With a yank of the handle, he pushed the truck door open and stepped out. He glanced around, separating the tourists on the sidewalk from the townfolk of Salmon. As he walked to the entrance of the bar, he knocked the dust from his hat and brushed at his clothes. They’d been clean when he started out this morning.

The interior of the bar was dark after the brilliance of a July sun. Brig paused inside the door to let his eyes adjust to the gloom. The juke box in the corner was playing a country song about a man who kissed an angel every morning. Tables and chairs were scattered around the room, empty of customers. Two men were sitting on stools, leaning their elbows on the carved oak counter bar. They gave him a sidelong look and resumed their conversation.
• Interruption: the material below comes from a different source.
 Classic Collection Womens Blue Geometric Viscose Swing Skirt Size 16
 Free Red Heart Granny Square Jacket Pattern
Brig walked to the far end of the long bar and slid onto a stool, resting a boot on the brass foot rail. There was no one behind the bar although there were sounds coming from the back room. Pushing his hat to the back of his head, he shook a cigarette from the pack in his shirt pocket. Without removing the match from its book, he snapped it against the sandpaper-rough strip. There was no breeze but he cupped the flame to his cigarette from habit.

Centered in the shelves of liquor behind the bar was a clock with a slowly rotating series of advertisements on one side. With each quarter turn, a new advertisement slid into place. Brig read the ads for the local funeral home and the bank. As the one for the insurance company fell into the slot, a woman emerged from the back room carrying a half-dozen bottles of liquor to restock the shelves.
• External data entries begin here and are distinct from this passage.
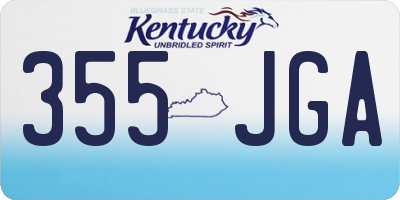 KY license plate 355JGA
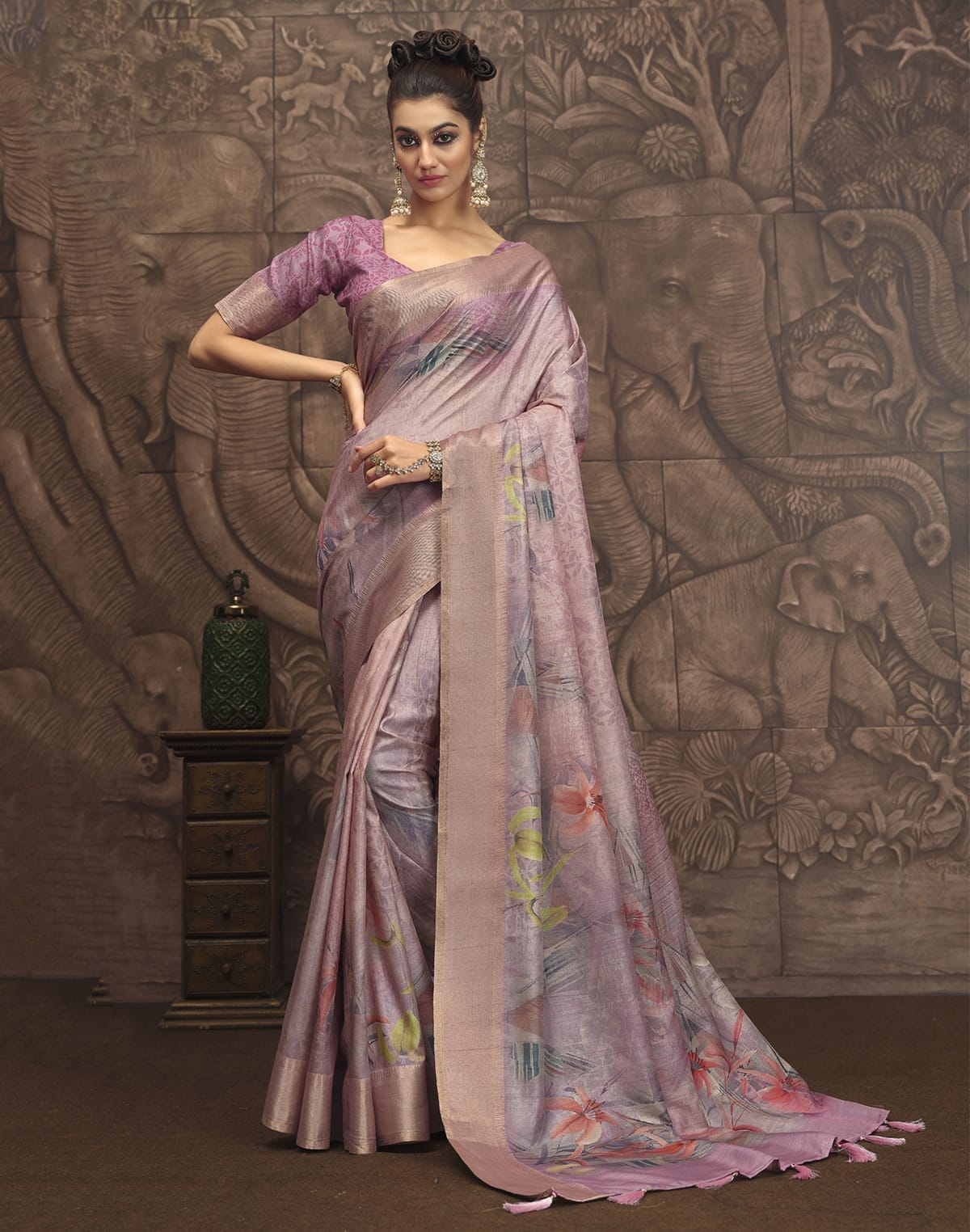 Light Purple Coloured Malai Silk Saree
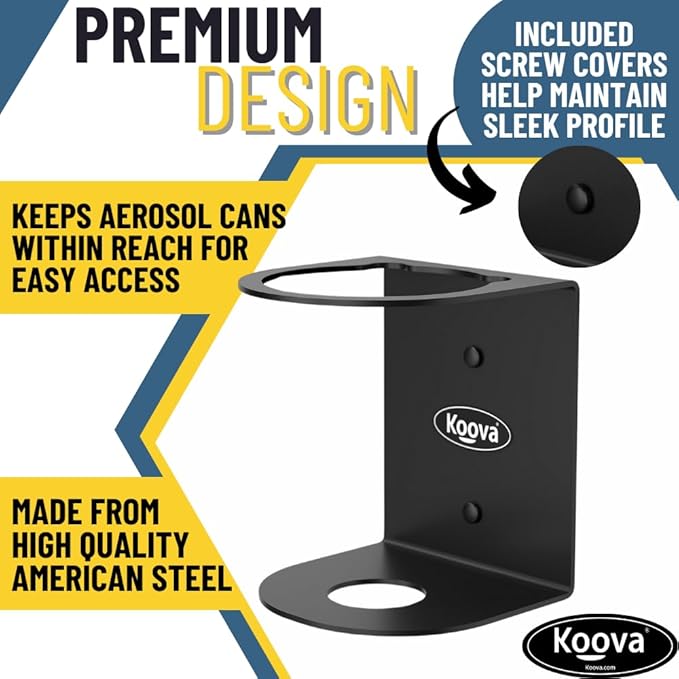 Koova Aerosol Spray Can Holder | Easy Install Wall Mount | Heavy-Duty Powder - Image 2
Her hair was bleached to a brassy shade of blonde. Blue eye shadow coated her lids above a heavy line of black eyeliner and lashes matted with mascara. The excessive use of make-up gave her a hard look, but it didn’t cover up the vulnerable softness of her red-painted lips or the open honesty of her blue eyes . . . or the wrinkles collecting around them. Her full figure was edging toward the plump side. The plain white blouse she wore was unbuttoned to expose the cleavage of her abundantly round breasts. The black straight skirt was stretched like a second skin across her hips, defying the strength of the stitching. The effect was crudely suggestive. Brig felt the stirring in his loins from an abstinence forced on him by the endless demands of the spring ranchwork—and the knowledge that the woman was good in bed.

Intent on her task, the brassy blonde didn’t see him sitting at the dimly lit corner of the counter. “Hello, Trudie,” Brig spoke to draw her attention.
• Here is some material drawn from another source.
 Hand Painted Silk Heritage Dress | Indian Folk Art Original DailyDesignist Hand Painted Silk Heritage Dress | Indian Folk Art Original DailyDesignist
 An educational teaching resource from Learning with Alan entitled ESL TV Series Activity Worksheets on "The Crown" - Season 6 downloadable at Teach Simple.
She stopped and turned abruptly. Her widened eyes found him in the shadows, her look of surprise changing to one of delighted recognition. Then it became
masked slightly with an attitude of coyness that bordered on provocative.

“Well, well, well. The old lobo wolf has finally come down out of the mountains,” she declared and hurriedly set the liquor bottles on the work counter behind the bar. “I was beginning to think you had moved on to parts unknown.”

“And leave my favorite girl behind? I wouldn’t do that, Trudie.” His gaze was deliberately suggestive, running over her figure with a lusting look.

“Favorite girl? Hah!” she laughed aside that remark, but it started a warm glow of pleasure that spread through her expression. “What’ll ya have, Brig?”

“Beer.”

“On tap?” At his affirmative nod, she drew him a glass, letting a head form on the pale gold liquid.

“How’s tricks?” Brig sipped at the beer and wiped the foam from his mustache with the back of his hand.

“Not bad since the tourists hit town for the summer float trips on the ‘River of No Return’ ” Her emphasis made fun of the phrase. She changed the subject then. “I suppose you’re in town to pick up supplies. What’s this—your last stop before heading back to the ranch?”

“This is my first stop. I sent Tandy Barnes in last week for a month’s supplies,” he explained, referring to his wrangler and all-around ranch hand.

“What brought you to town then?” A puzzled frown followed the lines already stamped in her forehead. Immediately she added, “And don’t say ‘me,’ because I won’t buy that.”

“I’m headin’ into Idaho Falls to catch a plane for New York.” He swirled the beer in his glass and watched the dissipating foam. For all the indifference in his tone, there was a flat, dry look to his eyes.